As Kristian sat, his enormous shoulders turned inward, his dark head hung low.
Despair.
The word whispered to her, summing up what she saw, what she felt. His black mood wasn’t merely anger. It was bigger than that, darker than that. His black mood was fed by despair.
He was, she thought, feeling the smallest prick of sympathy, a ruin of a great man.
As swiftly as the sympathy came, she pushed it aside, replacing tenderness with resolve. He’d get well. There was no reason he couldn’t.
Elizabeth signaled to Pano that she wanted a word alone with his employer and, nodding, he left them, exiting the library with his dustpan of broken glass.
“Now, then, Mr. Koumantaros,” she said as the library doors closed, “we need to get you back on your rehab program. But we can’t do that if you insist on intimidating your nurses.”
“They were all completely useless, incompetent—”
“All six?” she interrupted, taking a seat on the nearest armchair arm.
He’d gone through the roster of home healthcare specialists in record fashion. In fact, they’d run out of possible candidates. There was no one else to send. And yet Mr. Koumantaros couldn’t be left alone. He required more than a butler. He still needed around-the-clock medical care.
“One nurse wasn’t so bad. Well, in some ways,” he said grudgingly, tapping the metal rim of his wheelchair with his finger tips. “The young one. Calista. And believe me, if she was the best it should show you how bad the others were. But that’s another story—”
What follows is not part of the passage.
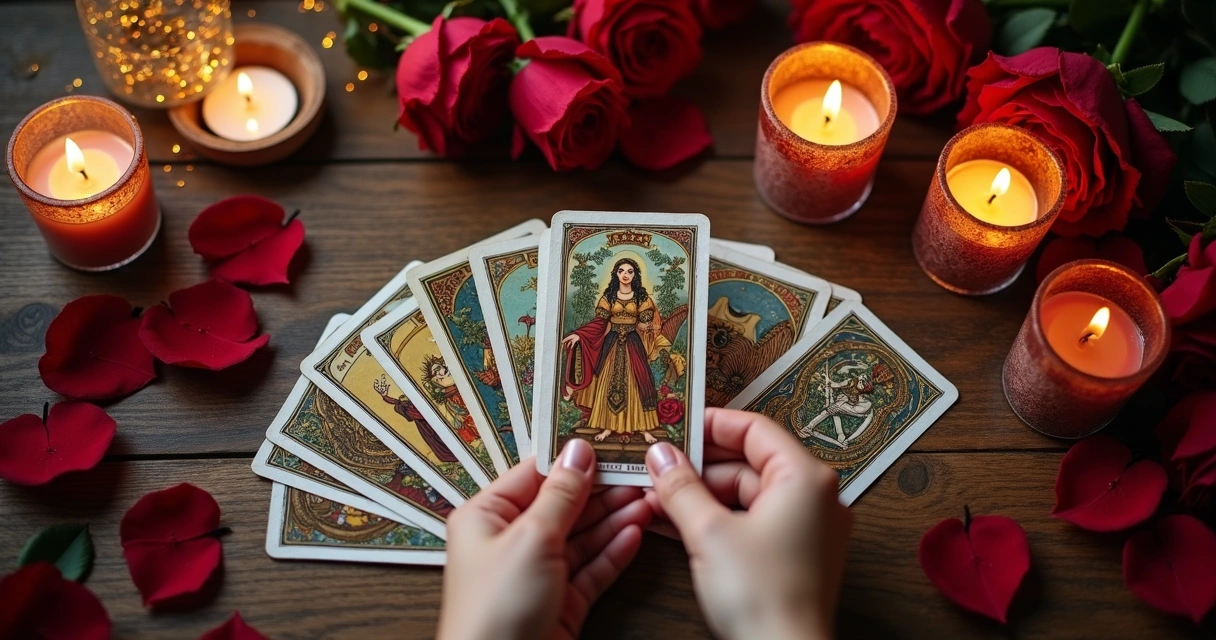 Cartas de tarot sobre mesa com rosas ao redor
“Miss Aravantinos isn’t coming back.” Elizabeth felt her temper rise. Of course he’d request the one nurse he’d broken into bits. The poor girl, barely out of nursing school, had been putty in Kristian Koumantaros’s hands. Literally. For a man with life-threatening injuries he’d been incredibly adept at seduction.
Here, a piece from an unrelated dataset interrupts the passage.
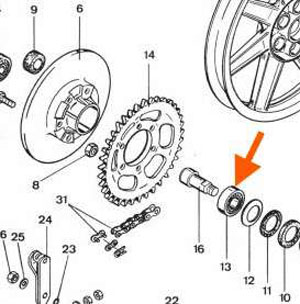 Lager Hinterradnabe Zündapp 530 KS 80, KS 50, GTS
His dark head tipped sideways. “Was that her last name?”
“You behaved in a most unscrupulous manner. You’re thirty—what?” She quickly flipped through his chart, found his age. “Nearly thirty-six. And she was barely twenty-three. She quit, you know. Left our Athens office. She felt terribly demoralized.”
“I never asked Calista to fall in love with me.”
“Love?” she choked. “Love didn’t have anything to do with it. You seduced her. Out of boredom. And spite.”
“You’ve got me all wrong, Nurse Cratchett—” He paused, a corner of his mouth smirking. “You are English, are you not?”
“I speak English, yes,” she answered curtly.
“Well, Cratchett, you have me wrong. You see, I’m a lover, not a fighter.”
Blood surged to Elizabeth’s cheeks. “That’s quite enough.”
“I’ve never forced myself on a woman.” His voice dropped, the pitch growing deeper, rougher. “If anything, our dear delightful Calista forced herself on me.”
“Mr. Koumantaros.” Acutely uncomfortable, she gripped her pen tightly, growing warm, warmer. She hated his mocking smile and resented his tone. She could see why Calista had thrown the towel in. How was a young girl to cope with him?
“She romanticized me,” he continued, in the same infuriatingly smug vein. “She wanted to know what an invalid was capable of, I suppose. And she discovered that although I can’t walk, I can still—”
“Mr. Koumantaros!” Elizabeth jumped to her feet, suddenly oppressed by the warm, dark room. It was late afternoon, and the day had been cloudless, blissfully sunny. She couldn’t fathom why the windows and shutters were all closed, keeping the fresh mountain air out. “I do not wish to hear the details.”
“But you need them.” Kristian pushed his wheelchair toward her, blue cotton sleeves rolled back on his forearms, corded tendons tight beneath his skin. He’d once had a very deep tan, but the tan had long ago faded. His olive skin was pale, testament to his long months indoors. “You’re misinformed if you think I took advantage of Calista. Calista got what Calista wanted.”
She averted her head and ground her teeth together. “She was a wonderful, promising young nurse.”